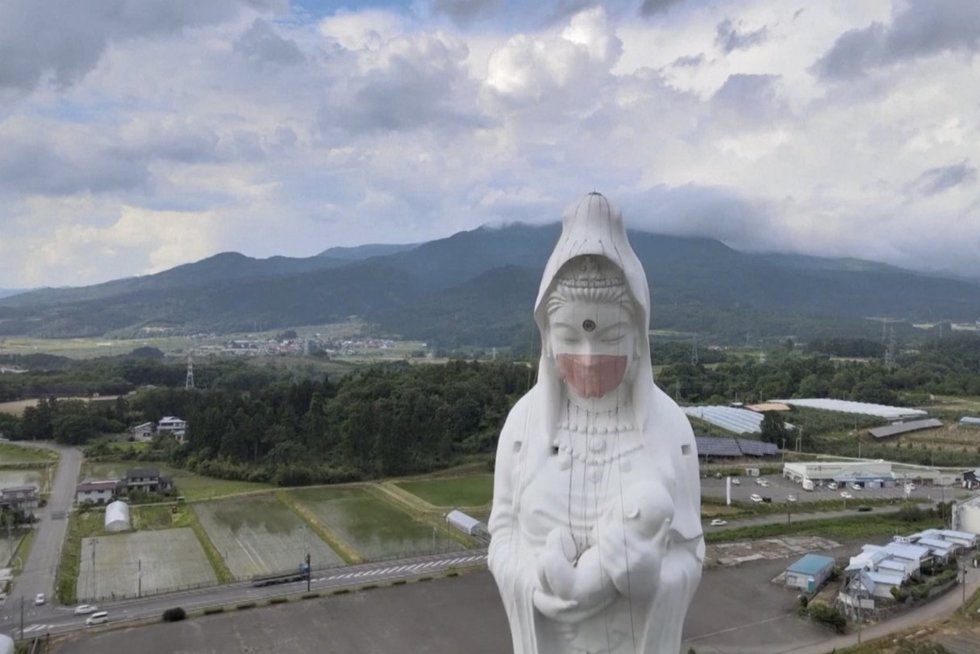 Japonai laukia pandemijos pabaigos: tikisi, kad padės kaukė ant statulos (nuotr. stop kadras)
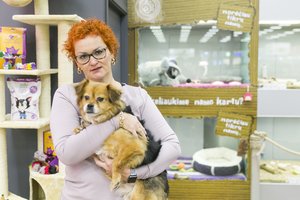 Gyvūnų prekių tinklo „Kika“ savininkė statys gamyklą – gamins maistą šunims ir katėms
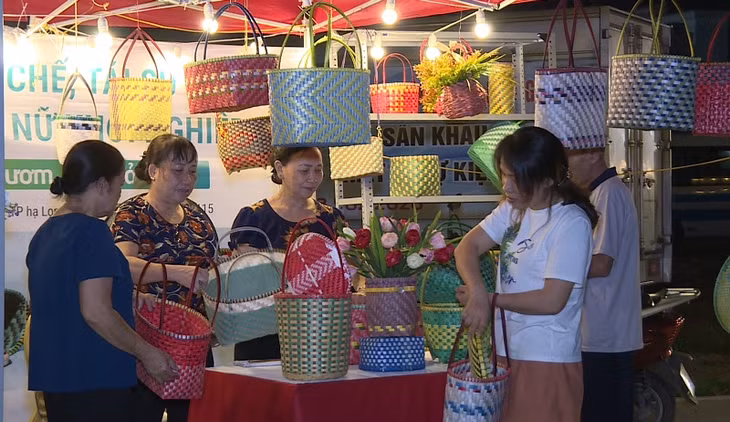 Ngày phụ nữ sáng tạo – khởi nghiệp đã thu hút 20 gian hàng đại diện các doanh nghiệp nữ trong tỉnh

* * *

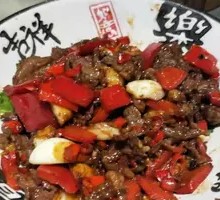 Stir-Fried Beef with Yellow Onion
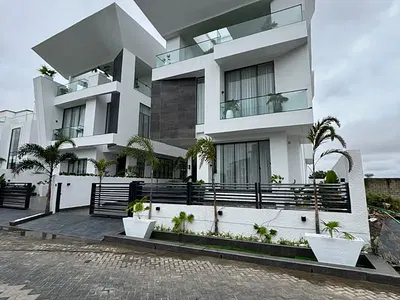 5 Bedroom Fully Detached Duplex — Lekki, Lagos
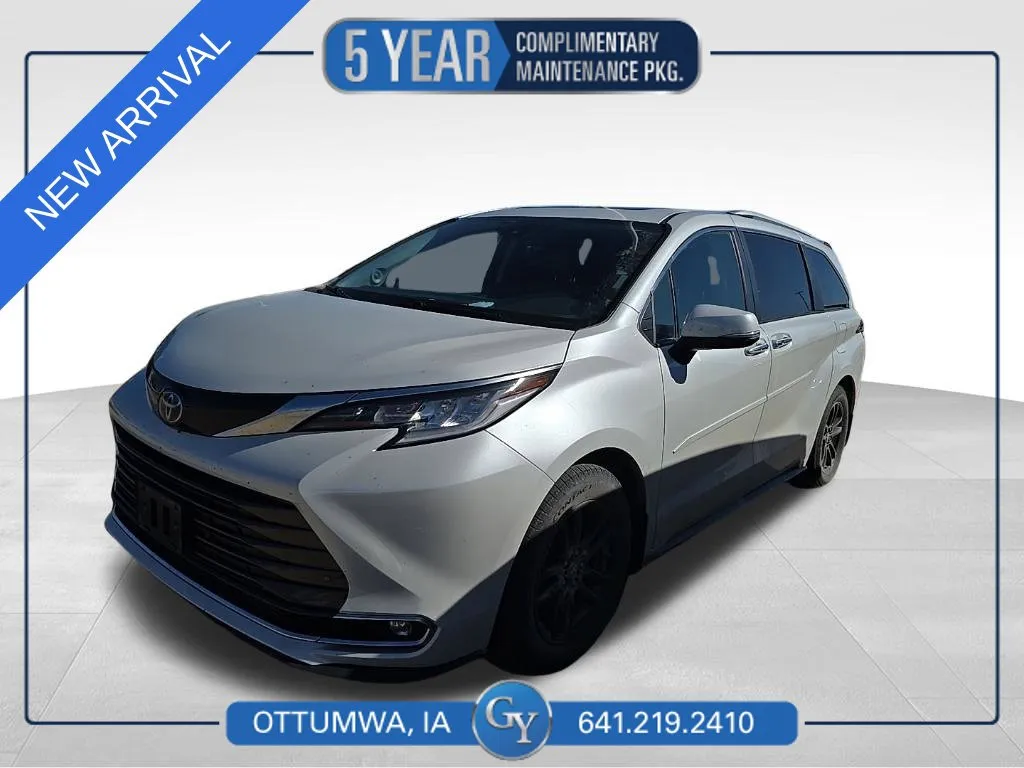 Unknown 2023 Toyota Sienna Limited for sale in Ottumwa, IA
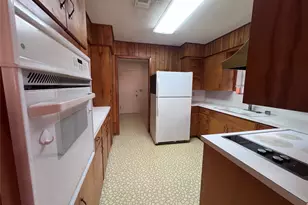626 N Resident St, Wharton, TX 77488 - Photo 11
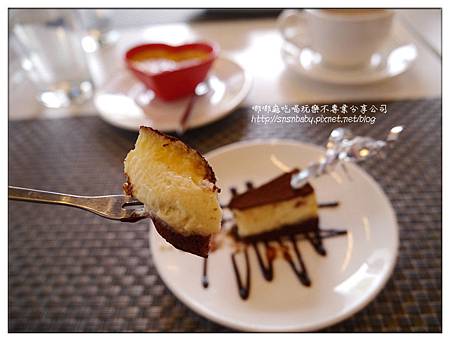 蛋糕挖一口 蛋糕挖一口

* * *

Starting with the line above that holds "Stir-Fried Beef with Yellow Onion", restate each line word for word up to and including the line that holds "蛋糕挖一口 蛋糕挖一口". Drop the pictures.

 Stir-Fried Beef with Yellow Onion
 5 Bedroom Fully Detached Duplex — Lekki, Lagos
 Unknown 2023 Toyota Sienna Limited for sale in Ottumwa, IA
626 N Resident St, Wharton, TX 77488 - Photo 11
 蛋糕挖一口 蛋糕挖一口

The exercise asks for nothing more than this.